WORK ITEM
Your answer must be an exact transcription of every record below, with the pictures omitted.

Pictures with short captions

-- Opening Marker --

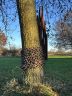 ARTVENT 2024, Park der Sinne, Besitzergreifend, Keramik gebrannt
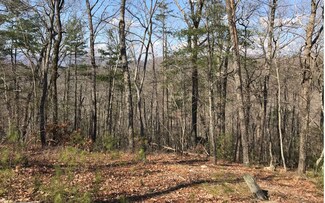 0 Paradise Ln Lt 21 B1, Ellijay, GA 30536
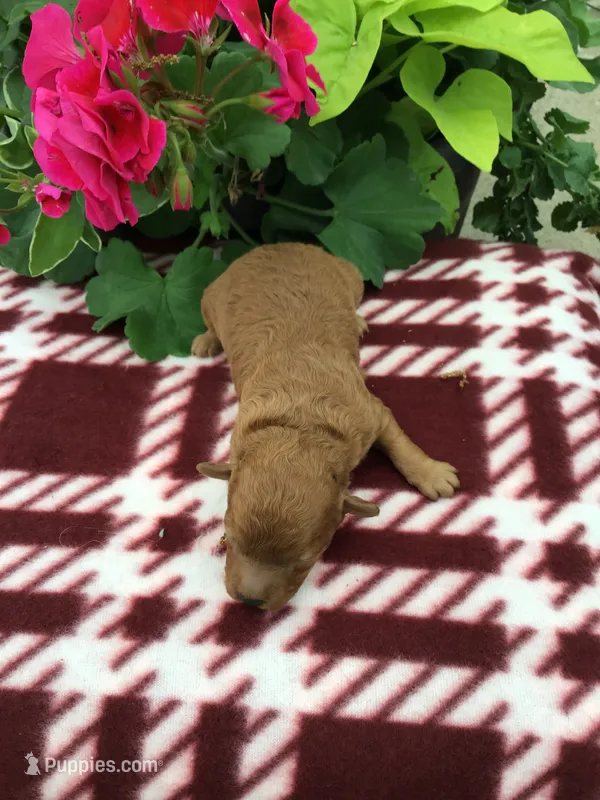 Female #2 – Cavapoo puppy for sale in Bloomfield, IA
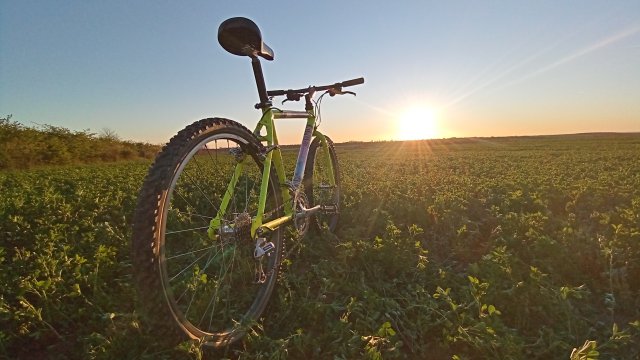 MTB '26 #752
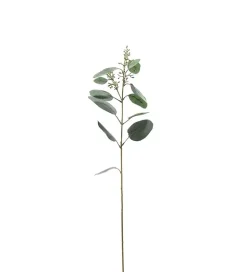 Eukalyptus H87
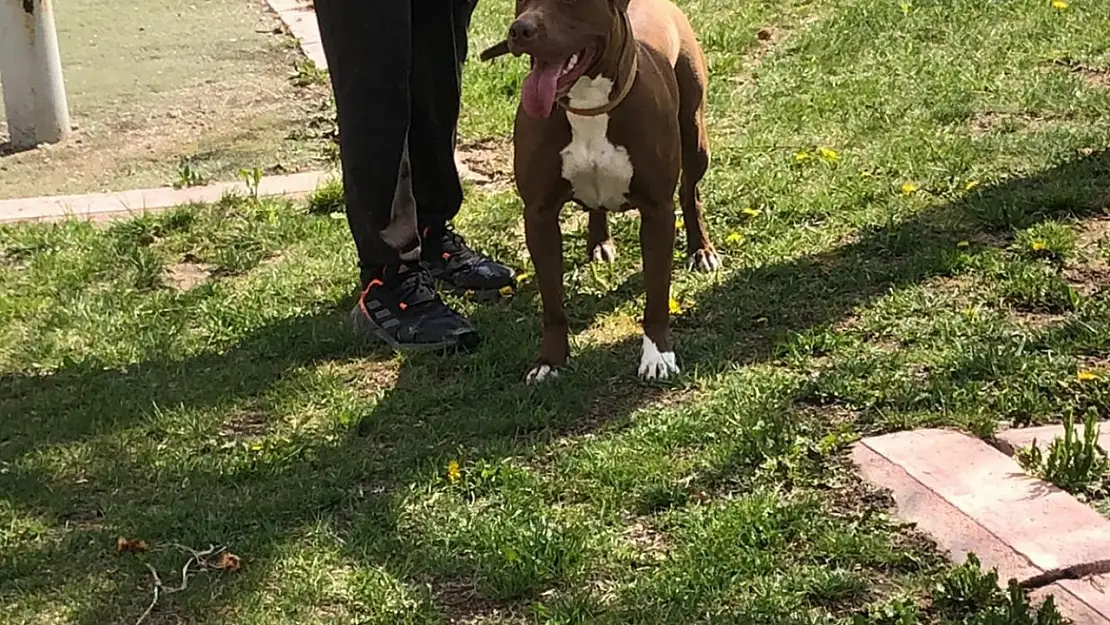 Konya'da yasaklı ırk köpeğini ağızlıksız gezdiren kişiye binlerce lira ceza kesildi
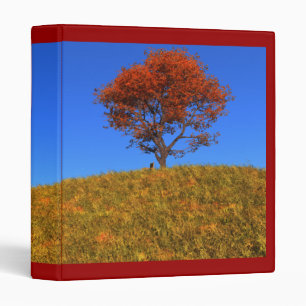 Clear Autumn Day Binder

-- Closing Marker --

SOLUTION FOR THIS EXERCISE
 ARTVENT 2024, Park der Sinne, Besitzergreifend, Keramik gebrannt
 0 Paradise Ln Lt 21 B1, Ellijay, GA 30536
 Female #2 – Cavapoo puppy for sale in Bloomfield, IA
 MTB '26 #752
 Eukalyptus H87
 Konya'da yasaklı ırk köpeğini ağızlıksız gezdiren kişiye binlerce lira ceza kesildi
 Clear Autumn Day Binder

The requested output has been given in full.